Our applications demonstrate that Fed-mv-PPCA is robust with respect to an increasing degree of heterogeneity across training centers, and provides high-quality data reconstruction, outperforming competitive methods in all scenarios. Moreover, when differential privacy is introduced, we provide an investigation of the method’s performance according to different privacy budget scenarios. It is worth noting that three DP hyperparameters play a key role, and could affect the performance of DP-Fed-mv-PPCA: the privacy budget parameters $(\epsilon,\delta)$ , and the clipping constant multiplying $\sigma_{\widetilde{\boldsymbol{\theta}}}$ . These parameters are tightly related and all contribute to determine the magnitude of the noise used for perturbing the updated difference $\overline{\Delta\boldsymbol{\theta}}$ . Indeed, increasing either $\varepsilon$ or $\delta$ , or reducing the multiplicative constant in the clipping mechanism, implies the addition of a smaller noise, hence the improvement of the overall utility of the global model.

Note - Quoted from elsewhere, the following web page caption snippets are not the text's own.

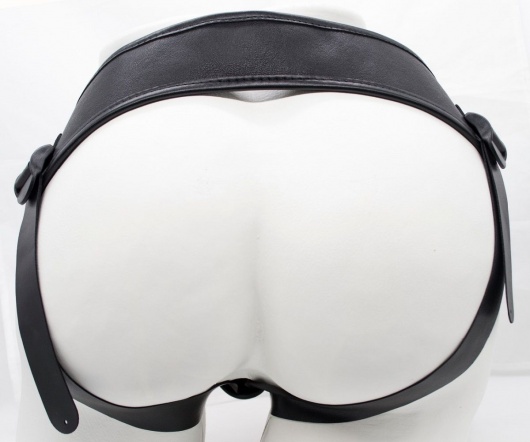 Реалистичный фаллоимитатор на трусиках с плугом - 18,5 см. - LOVETOY (А-Полимер) - купить с доставкой в Ельце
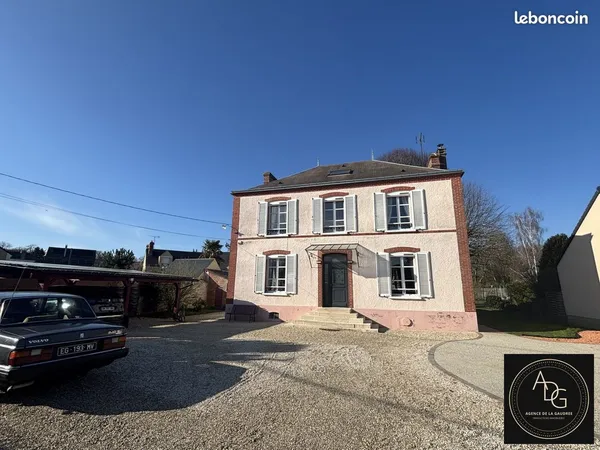 Propriété 9 pièces 221 m²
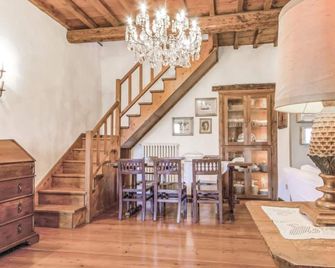 Country House / Farm House In Rignano Sull'arno With 3 Bedrooms Sleeps 6 - Rignano sull'Arno - Essbereich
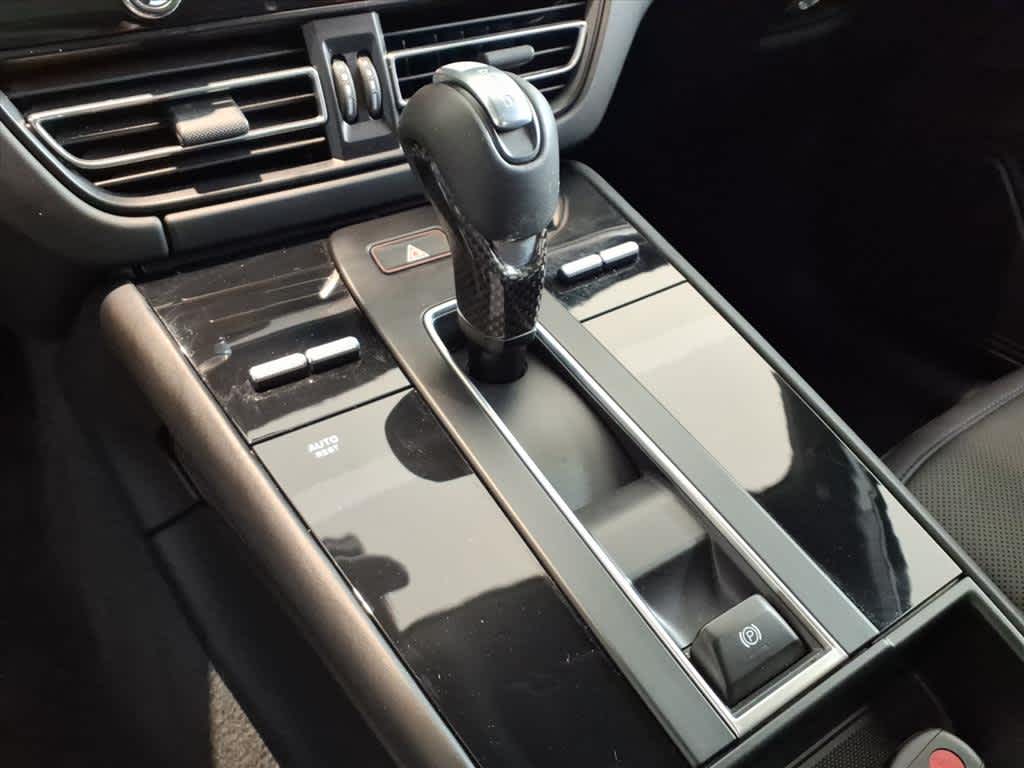 2025 Porsche Macan GTS AWD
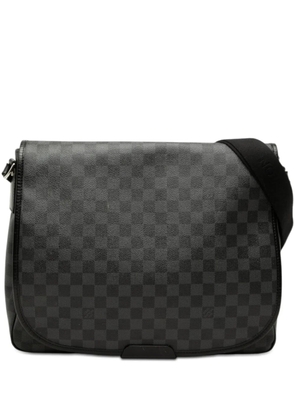 Louis Vuitton Pre-Owned 2009 Damier Graphite Daniel GM crossbody bag - Black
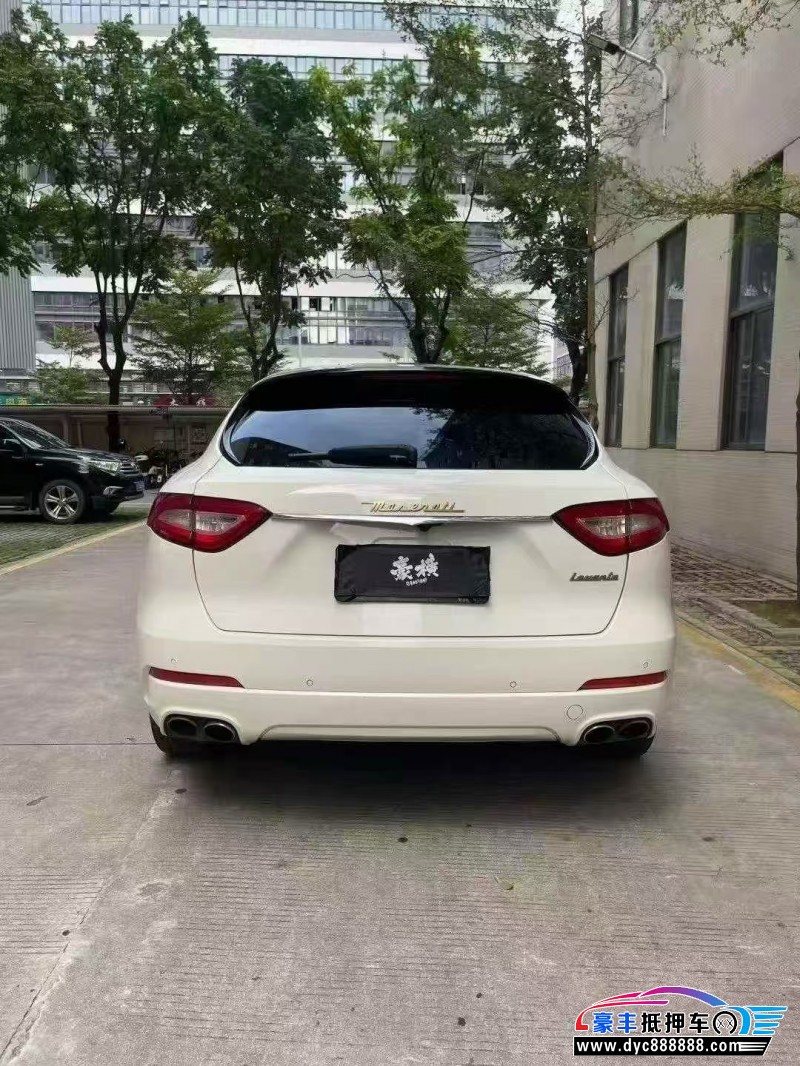 17年玛莎拉蒂莱万特轿车抵押车出售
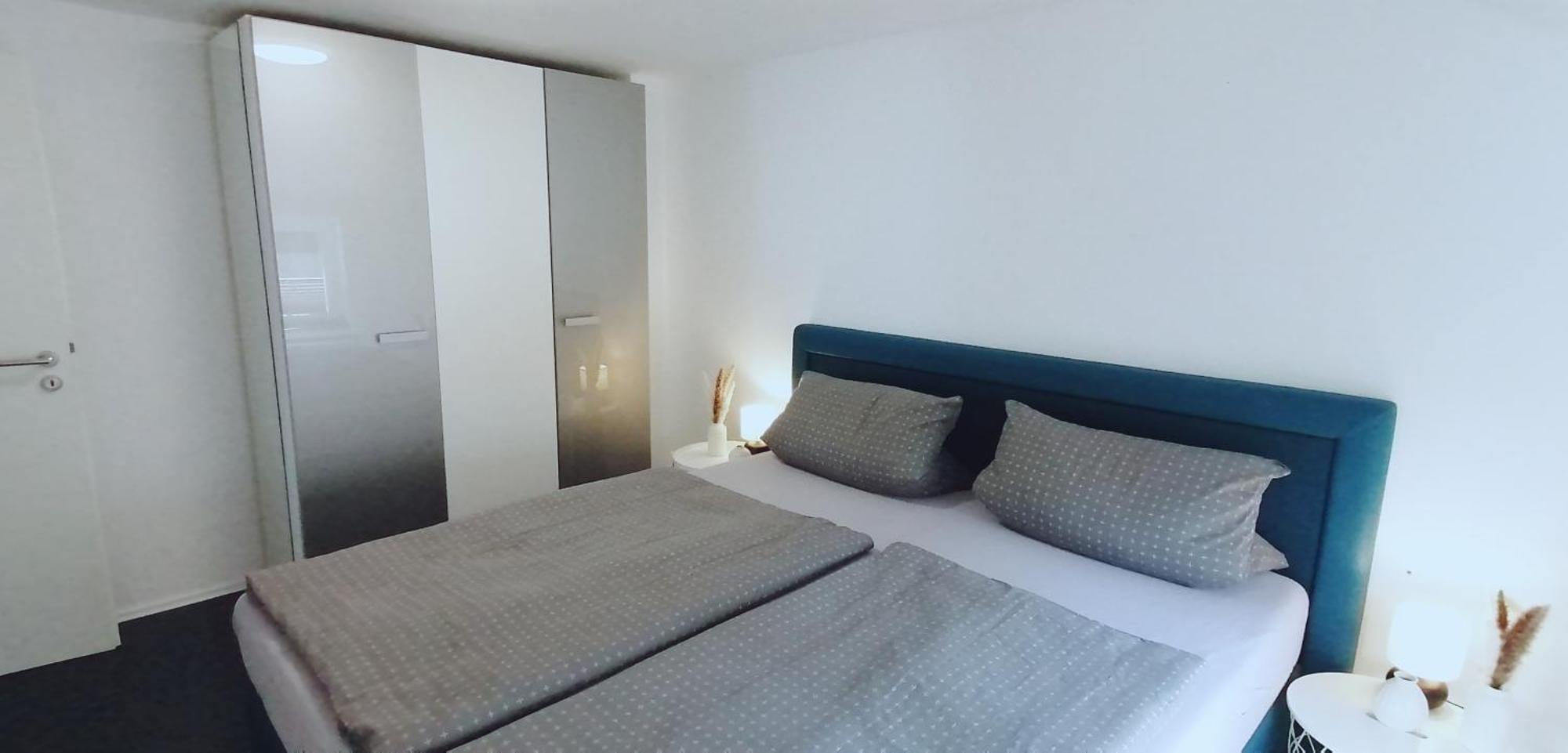 Sleep Well Apartments Detmold - Tempur Beds- Neu - Top Lage - Free Parking - Wifi Esterno foto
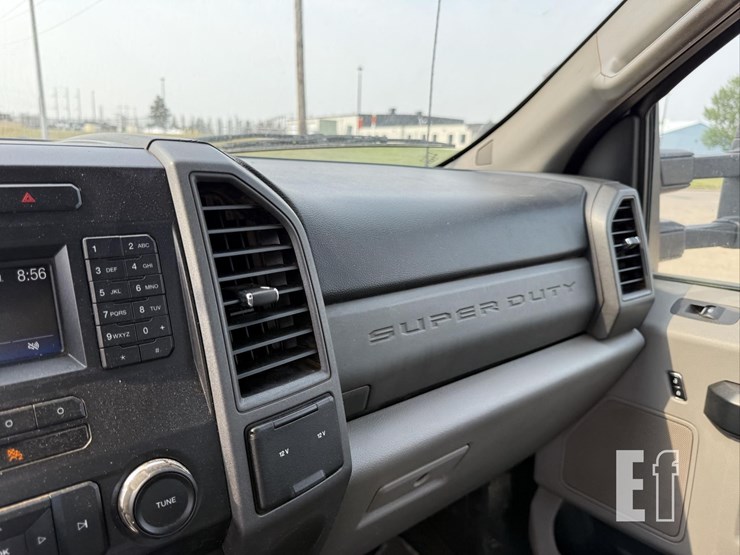 2017-ford-f550-xl-image-29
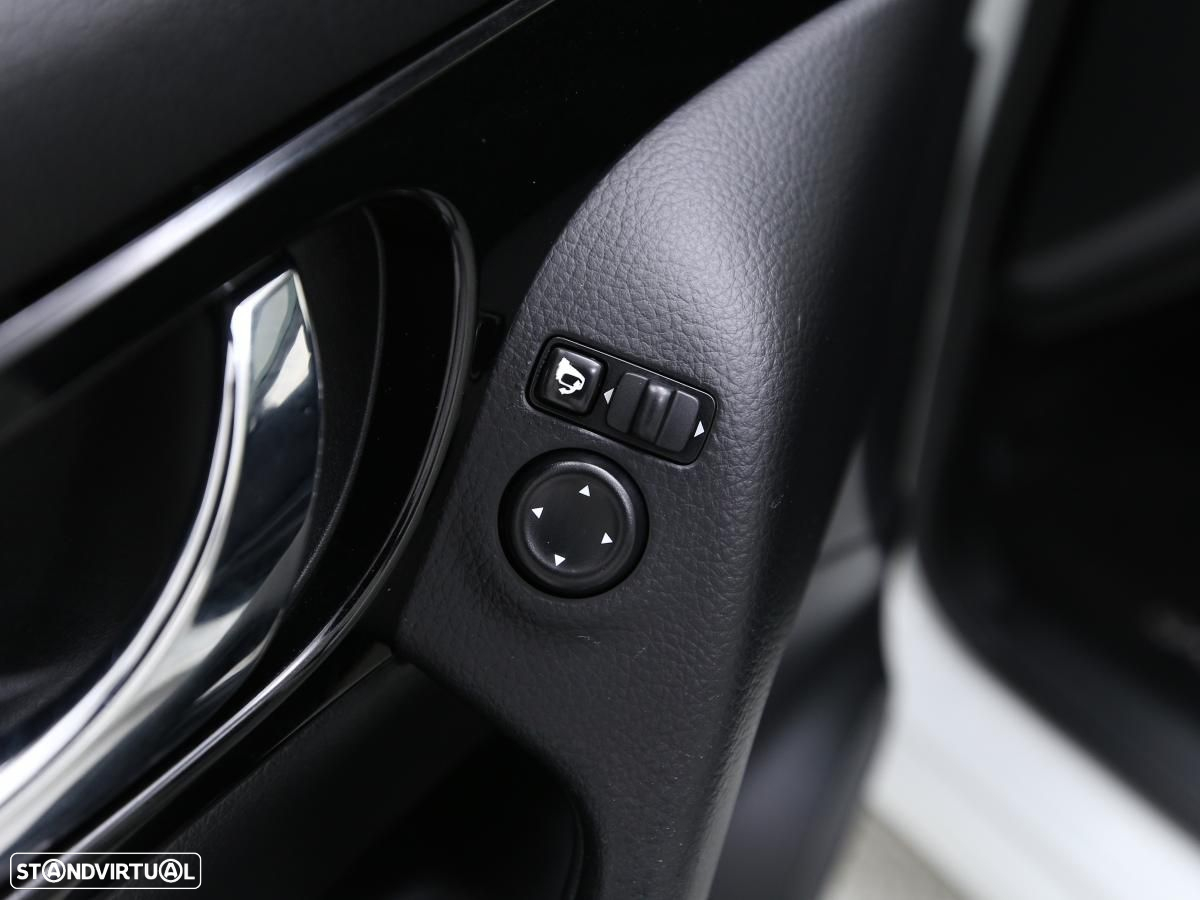 Nissan Qashqai - 22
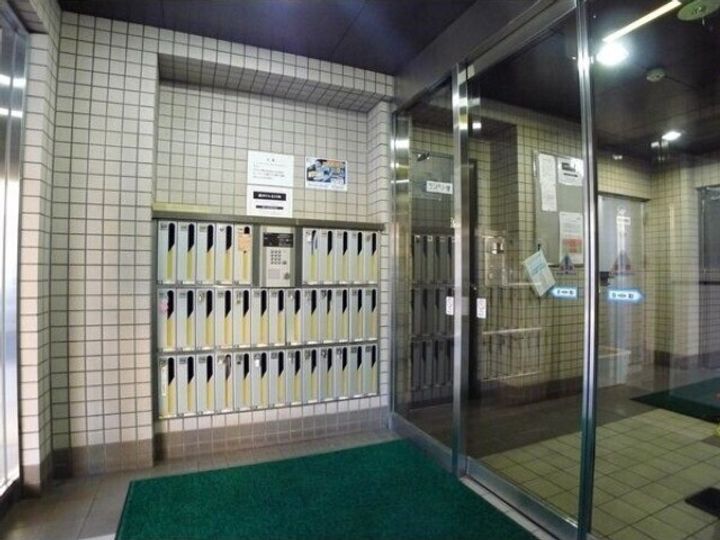 藤井ビル北23条503の玄関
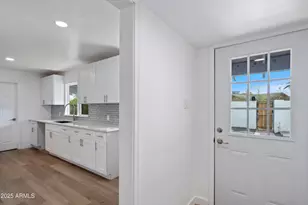 1702 W Indian School Rd, Phoenix, AZ 85015 - Photo 10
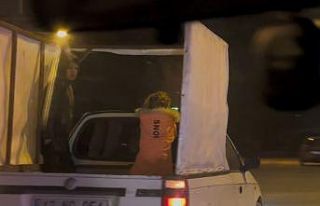 Soğuğa rağmen pikap kasasında yolculuk yapan çocuklar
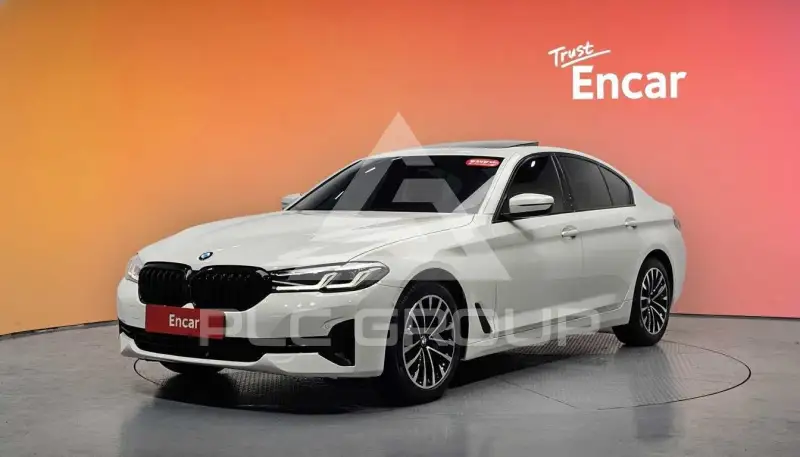 2021 BMW 530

Nevertheless, smaller $\varepsilon$ and $\delta$ corresponds to higher privacy guarantees.

Further extensions of this work are possible in several directions. The computational efficiency of Fed-mv-PPCA and its scalability to large datasets can be improved by leveraging on data sparsity and optimizing matrix multiplications and norm calculations as showed by Elgamal et al. (2015). In addition, introducing sparsity on the reconstruction weights is also expected to improve the robustness of the approach to non-informative dimensions and modalities. Another interesting research direction concerns the handling of missing data. Indeed, in this paper we considered Missing At Random (MAR) views in local datasets due to heterogeneous pipelines (Rubin, 1976). Fed-mv-PPCA could be extended to take into account and impute Missing Not At Random (MNAR) data as well, covering for instance the case of missing data due to self censoring, of interest in the biomedical context.

In this work we adopted DP to increase our framework’s security, motivated by the need to derive explicit theoretical privacy guarantees for our model. Alternatively, some recent works propose to improve data privacy (and eventually model utility) in a federated setting by generating fake data through generative adversarial networks (Rajotte et al., 2021; Rasouli et al., 2020). Despite formal privacy guarantees cannot be provided by data augmentation methods, their comparison to DP is a problem of great interest and should be further investigated.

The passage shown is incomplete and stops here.